Switching from Angular to React seems weird. What for? AFAIK the only way React is better is there are more developers familiar with it. I wonder if they considered switching to PHP instead /s

4 comments

Skimming through the Tweets, it seems like the rest of the online Office suite uses React and Teams was the outlier using Angular. Somehow it makes sense to use the same framework for everything and save resources.
So now we know that react will never die! Somewhere in Office 2047 will be some code from it I’m sure!
When even Microsoft isn't writing native desktop apps anymore, you know it's dead.
Is that why MS Teams is so glitchy? I really wish companies don't abandon native.
I believe companies are abandoning native because Electron lets them reuse the same code and the same developers they employ for the web and also because there is no cross-platform GUI toolkit good enough. Qt could be such a toolkit but you can only choose between very expensive and GPL, and you probably wouldn't even have the GPL version if the company behind wasn't forced to maintain it.
I can understand if MS Teams was some indie dev.
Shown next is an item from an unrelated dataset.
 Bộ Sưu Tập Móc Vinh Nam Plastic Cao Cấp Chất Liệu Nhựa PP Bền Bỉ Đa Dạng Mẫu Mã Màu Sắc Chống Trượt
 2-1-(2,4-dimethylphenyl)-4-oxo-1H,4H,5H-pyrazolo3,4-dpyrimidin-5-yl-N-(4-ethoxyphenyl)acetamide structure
Surely MS can just hire more developers?
The Office suite is no less glitchy.
Do you mean Office 365? Classic offline Office seems Okay.
Well, it does make me wonder. Going from Angular or AngularJS to React is basically rewriting the front-end - also conceptually in regard to React immutability concept.

On the other hand, they have already WebView for Blazor and they need Teams to be cross-platform, also for Linux.

It is not switching from Angular 2+. It truly is still AngularJS. Very different and an incredible leap.
This makes sense. Thanks.
If it's React Native they could eventually move to RN for Windows which is close to native windows.